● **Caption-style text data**
^^^^^^^^
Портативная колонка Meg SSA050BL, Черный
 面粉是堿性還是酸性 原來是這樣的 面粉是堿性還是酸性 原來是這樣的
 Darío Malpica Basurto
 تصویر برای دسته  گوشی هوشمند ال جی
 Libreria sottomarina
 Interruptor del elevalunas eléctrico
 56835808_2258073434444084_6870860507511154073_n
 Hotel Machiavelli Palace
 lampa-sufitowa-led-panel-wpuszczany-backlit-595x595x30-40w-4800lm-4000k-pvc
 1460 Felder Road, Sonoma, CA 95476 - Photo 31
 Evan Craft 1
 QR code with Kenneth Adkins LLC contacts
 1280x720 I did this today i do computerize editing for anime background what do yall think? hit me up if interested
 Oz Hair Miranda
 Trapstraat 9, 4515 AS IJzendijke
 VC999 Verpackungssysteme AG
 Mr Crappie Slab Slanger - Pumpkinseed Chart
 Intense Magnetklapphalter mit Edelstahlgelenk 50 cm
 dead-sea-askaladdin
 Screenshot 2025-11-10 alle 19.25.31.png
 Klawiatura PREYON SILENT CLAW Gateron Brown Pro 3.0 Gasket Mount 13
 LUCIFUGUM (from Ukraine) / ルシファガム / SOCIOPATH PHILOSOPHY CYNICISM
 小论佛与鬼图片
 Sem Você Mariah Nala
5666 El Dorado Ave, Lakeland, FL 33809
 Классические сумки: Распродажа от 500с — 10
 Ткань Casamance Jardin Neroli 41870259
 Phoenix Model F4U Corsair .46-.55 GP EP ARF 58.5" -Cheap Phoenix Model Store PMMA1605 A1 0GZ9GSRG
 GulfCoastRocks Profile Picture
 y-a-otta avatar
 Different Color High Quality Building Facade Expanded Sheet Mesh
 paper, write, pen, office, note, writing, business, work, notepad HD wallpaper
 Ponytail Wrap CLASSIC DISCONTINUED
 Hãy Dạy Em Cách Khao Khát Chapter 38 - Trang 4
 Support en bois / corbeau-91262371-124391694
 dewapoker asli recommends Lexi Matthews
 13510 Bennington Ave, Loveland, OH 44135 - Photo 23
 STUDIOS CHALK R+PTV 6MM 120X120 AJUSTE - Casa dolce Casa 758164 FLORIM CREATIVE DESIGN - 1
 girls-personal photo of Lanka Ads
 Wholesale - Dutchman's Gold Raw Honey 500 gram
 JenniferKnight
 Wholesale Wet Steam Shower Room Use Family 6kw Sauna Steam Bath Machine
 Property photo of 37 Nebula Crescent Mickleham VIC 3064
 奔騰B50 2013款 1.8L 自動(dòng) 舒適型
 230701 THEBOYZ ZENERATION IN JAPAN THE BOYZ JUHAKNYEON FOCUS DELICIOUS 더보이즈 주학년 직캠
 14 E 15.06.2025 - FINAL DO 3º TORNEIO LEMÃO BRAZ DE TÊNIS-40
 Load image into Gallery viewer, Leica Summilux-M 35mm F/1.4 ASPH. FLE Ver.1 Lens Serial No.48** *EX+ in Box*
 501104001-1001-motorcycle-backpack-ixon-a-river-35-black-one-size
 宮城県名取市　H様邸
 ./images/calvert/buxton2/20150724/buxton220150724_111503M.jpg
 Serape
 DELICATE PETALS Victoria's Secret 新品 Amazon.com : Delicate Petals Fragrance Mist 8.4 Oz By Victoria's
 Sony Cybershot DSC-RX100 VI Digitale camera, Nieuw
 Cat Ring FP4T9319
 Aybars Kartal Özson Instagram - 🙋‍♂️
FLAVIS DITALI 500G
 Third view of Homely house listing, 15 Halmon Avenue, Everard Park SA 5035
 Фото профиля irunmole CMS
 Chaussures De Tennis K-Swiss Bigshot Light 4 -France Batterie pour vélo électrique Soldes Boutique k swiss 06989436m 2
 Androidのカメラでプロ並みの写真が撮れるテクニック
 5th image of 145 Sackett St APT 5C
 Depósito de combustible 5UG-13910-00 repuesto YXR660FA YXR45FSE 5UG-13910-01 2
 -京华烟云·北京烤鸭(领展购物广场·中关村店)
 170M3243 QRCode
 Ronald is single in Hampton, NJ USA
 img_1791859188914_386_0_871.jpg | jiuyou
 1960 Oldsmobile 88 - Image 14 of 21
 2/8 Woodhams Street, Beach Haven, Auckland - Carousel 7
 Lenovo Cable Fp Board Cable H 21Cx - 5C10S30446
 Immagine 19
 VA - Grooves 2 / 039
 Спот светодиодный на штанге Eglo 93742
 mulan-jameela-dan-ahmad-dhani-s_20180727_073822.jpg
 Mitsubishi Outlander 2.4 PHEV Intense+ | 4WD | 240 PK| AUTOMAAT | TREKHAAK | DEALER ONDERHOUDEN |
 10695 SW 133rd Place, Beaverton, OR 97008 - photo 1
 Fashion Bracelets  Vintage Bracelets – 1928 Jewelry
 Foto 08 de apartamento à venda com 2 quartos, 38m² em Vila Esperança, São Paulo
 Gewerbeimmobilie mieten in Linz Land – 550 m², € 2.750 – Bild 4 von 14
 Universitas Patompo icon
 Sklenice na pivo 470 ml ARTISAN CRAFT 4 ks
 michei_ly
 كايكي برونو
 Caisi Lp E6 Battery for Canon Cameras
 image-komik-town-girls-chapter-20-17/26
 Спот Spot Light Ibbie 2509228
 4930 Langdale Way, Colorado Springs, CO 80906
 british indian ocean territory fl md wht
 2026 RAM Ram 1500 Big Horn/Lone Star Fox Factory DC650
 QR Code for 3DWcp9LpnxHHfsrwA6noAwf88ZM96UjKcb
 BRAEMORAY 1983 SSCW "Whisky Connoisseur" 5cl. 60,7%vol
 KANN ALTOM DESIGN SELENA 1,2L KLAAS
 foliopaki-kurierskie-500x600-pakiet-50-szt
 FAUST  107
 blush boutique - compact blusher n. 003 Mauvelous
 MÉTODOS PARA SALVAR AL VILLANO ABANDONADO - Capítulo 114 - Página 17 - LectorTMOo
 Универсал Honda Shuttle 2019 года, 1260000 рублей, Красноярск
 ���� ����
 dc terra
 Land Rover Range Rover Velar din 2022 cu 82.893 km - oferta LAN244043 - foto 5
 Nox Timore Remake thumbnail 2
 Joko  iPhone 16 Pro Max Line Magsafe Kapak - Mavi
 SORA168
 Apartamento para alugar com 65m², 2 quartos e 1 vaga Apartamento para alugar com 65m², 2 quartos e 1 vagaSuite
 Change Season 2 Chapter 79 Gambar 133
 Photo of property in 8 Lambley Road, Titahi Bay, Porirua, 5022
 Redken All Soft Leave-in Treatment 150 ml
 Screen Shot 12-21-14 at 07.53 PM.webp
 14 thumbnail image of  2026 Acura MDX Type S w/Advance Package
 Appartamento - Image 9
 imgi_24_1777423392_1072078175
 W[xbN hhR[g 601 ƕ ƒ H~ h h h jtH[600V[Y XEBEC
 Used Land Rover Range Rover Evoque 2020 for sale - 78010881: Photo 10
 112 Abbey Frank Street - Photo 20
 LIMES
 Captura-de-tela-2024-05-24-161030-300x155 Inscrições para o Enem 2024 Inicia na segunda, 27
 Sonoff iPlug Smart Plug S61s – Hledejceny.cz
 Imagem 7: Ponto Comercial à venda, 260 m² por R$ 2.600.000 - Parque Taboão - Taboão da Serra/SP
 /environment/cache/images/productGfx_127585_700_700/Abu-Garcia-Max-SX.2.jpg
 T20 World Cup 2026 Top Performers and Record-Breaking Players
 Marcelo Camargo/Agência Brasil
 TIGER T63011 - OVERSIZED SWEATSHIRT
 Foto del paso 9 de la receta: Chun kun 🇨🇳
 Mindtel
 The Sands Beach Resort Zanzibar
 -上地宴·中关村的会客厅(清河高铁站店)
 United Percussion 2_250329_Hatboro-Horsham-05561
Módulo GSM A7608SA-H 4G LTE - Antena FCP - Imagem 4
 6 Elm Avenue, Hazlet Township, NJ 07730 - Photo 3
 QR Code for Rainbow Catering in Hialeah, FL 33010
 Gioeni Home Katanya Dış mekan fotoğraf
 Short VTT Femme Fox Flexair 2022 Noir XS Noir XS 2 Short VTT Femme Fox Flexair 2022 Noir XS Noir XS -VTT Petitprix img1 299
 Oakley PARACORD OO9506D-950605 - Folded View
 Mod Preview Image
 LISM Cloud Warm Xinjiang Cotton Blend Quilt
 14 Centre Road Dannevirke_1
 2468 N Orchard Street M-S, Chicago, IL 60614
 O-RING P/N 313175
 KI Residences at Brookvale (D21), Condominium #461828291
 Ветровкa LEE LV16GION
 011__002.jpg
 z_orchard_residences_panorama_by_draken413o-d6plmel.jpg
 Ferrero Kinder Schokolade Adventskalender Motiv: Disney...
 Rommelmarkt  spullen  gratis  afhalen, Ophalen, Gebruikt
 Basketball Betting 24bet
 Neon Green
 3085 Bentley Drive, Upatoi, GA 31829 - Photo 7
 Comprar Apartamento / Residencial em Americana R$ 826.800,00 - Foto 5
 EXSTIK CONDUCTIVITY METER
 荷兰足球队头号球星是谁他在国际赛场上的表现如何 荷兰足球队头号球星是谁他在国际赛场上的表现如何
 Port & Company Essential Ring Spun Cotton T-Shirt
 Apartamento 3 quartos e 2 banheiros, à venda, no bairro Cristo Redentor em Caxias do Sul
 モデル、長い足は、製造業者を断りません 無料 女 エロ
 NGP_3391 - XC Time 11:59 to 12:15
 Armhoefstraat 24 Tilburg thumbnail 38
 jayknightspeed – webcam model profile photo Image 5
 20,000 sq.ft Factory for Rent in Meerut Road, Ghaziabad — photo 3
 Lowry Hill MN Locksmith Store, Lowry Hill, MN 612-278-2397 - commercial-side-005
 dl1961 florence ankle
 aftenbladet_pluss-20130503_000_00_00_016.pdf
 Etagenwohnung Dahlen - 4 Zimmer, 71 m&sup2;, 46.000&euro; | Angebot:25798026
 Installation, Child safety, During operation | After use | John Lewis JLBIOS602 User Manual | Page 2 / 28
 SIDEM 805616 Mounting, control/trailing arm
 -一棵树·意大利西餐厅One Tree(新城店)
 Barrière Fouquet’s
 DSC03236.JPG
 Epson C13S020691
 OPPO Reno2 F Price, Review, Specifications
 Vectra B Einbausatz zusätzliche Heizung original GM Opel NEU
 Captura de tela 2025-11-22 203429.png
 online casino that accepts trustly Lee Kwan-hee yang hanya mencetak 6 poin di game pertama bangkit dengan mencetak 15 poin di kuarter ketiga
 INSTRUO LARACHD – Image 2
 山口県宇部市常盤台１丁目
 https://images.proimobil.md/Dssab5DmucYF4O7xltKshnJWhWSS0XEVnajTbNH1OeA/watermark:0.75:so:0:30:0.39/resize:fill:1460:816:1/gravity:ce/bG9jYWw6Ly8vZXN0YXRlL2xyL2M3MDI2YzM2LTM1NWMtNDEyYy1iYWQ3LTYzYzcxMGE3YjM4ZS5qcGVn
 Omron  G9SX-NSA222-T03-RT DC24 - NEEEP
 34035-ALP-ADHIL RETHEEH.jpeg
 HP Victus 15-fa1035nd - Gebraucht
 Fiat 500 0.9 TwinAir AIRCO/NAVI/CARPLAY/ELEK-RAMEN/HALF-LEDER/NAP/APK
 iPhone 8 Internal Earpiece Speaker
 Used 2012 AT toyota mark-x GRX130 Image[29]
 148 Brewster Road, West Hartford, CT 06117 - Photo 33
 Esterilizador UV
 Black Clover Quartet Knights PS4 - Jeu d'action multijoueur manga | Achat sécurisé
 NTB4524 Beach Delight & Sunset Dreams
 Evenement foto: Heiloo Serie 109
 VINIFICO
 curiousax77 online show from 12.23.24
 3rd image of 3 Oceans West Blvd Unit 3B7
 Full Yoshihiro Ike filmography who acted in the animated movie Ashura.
^^^^^^^^
● **WHAT THE EXERCISE ASKS**
Return the lines above that include the string "girls".

● **EXPECTED ANSWER**
 girls-personal photo of Lanka Ads
 image-komik-town-girls-chapter-20-17/26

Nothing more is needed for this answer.